Section 8 Snowsport Institute
A company at Mount Washington has been teaching ski and snowboard instructors how to teach for the past four years. This past summer, they took their show on the road to Austria for a week, and their program keeps growing.
Tobin Leopkey founded Section 8 Snowsport Institute four years ago after realizing the instructors he was teaching at another facility were one-dimensional: good instructors of the basics, but not well-rounded skiers themselves.
Leopkey grew up skiing the steep and deep tree lines at Mount Washington but has been found teaching and participating in outdoor pursuits in various corners of the globe. He earned his Level 1 ski instructor certification at Mount Washington in 1992 at 16 years old before moving to the Lower Mainland to pursue higher levels.
He has instructed in New Zealand, the Canadian Rockies, tried outdoor education in various parts of the globe. Finally unable to ward off the allure of Vancouver Island, Leopkey and his wife, Kana, moved back to the Comox Valley to start Section 8.
While Leopkey is Head Coach of the skiing component, he needed someone who could teach the snowboarders. That’s when Mike Bray entered the picture. Bray is the Technical Director for Snowboarding at Mount Washington’s Snow School as well as co-owner and director of Section 8. He is a Level IV instructor and Level III Examiner with the CASI too.
Section 8 offers two programs: a four-week basic level, and a 12-week snowsport leadership training program that will see students work towards certification such as Avalanche Safety Training 1, CSIA Level 1 and Level 2 instructors (CASI Level 1 and 2 for snowboarding), CSIA and CASI terrain park modules and wilderness first aid.
Leopkey and Bray also concentrate on all-mountain ski and snowboarding improvement, including winter survival skills out-trip, map and compass navigation, alpine race training, steeps and freeride skills and tactics, glacier travel and rope rescue. The group always takes a backcountry trip to Mt. Cain, a smaller ski hill also on Vancouver Island.
Programs start in January, when the snow pack is more reliable. Students spend five or six days a week working on an intensive syllabus. But, all work and no play can be grueling, so Leopkey and Bray have worked some fun into the program, like dodge ball, golf, surfing, bungy jumping and even a trip to Vancouver to watch a National Hockey League game.

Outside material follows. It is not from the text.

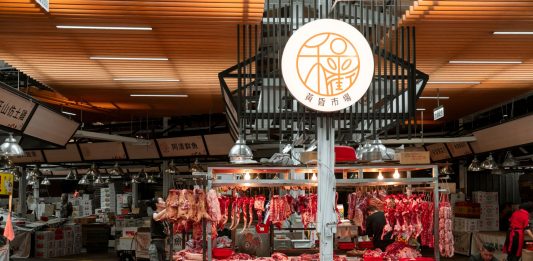 Active Asian market scene showcasing an indoor butcher stall with various meat cuts and vibrant red seating.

Leopkey is happy with the way the program has progressed over the years, and says he’s always streamlining the logistics. He particularly likes teaching at Mount Washington. There is “reliable snow and massive amounts of it is great for marketing,” he said. “There’s great terrain and quieter runs throughout the week.”
In his first year of operation, Leopkey had two clients. The next, he jumped from two to 21. “It was a quick learning curve, that’s for sure,” he said.
The program has slowly grown, and this past summer Section 8 ran a program in Austria for a week. Leopkey would like to bring similar high performance clinics to other places like Chile or New Zealand in the summer, which is their winter.
He has also been approached by other mountain resorts about bringing his program to them, so he’s pondering opening another school elsewhere. But he’s not quite ready for that. Yet.